DATA BLOCK below:

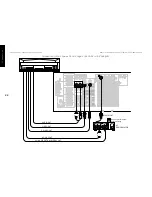 Предварительный просмотр 22 страницы Kenwood KRF-V9992D Connection And Setup Manual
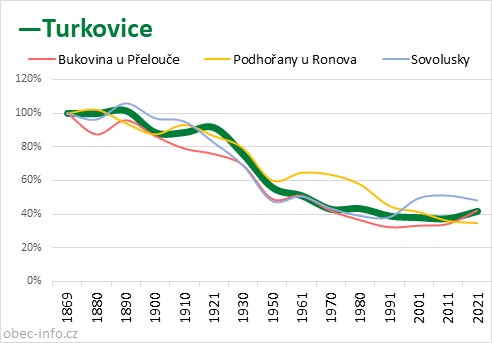 Srovnání počtu obyvatel - Turkovice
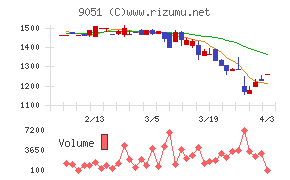 センコン物流チャート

End of DATA BLOCK.

▶ **WHAT IS REQUIRED**:
Give an exact copy of the listing, without its pictures.

▶ **TASK OUTPUT**:
 Предварительный просмотр 22 страницы Kenwood KRF-V9992D Connection And Setup Manual
 Srovnání počtu obyvatel - Turkovice
 センコン物流チャート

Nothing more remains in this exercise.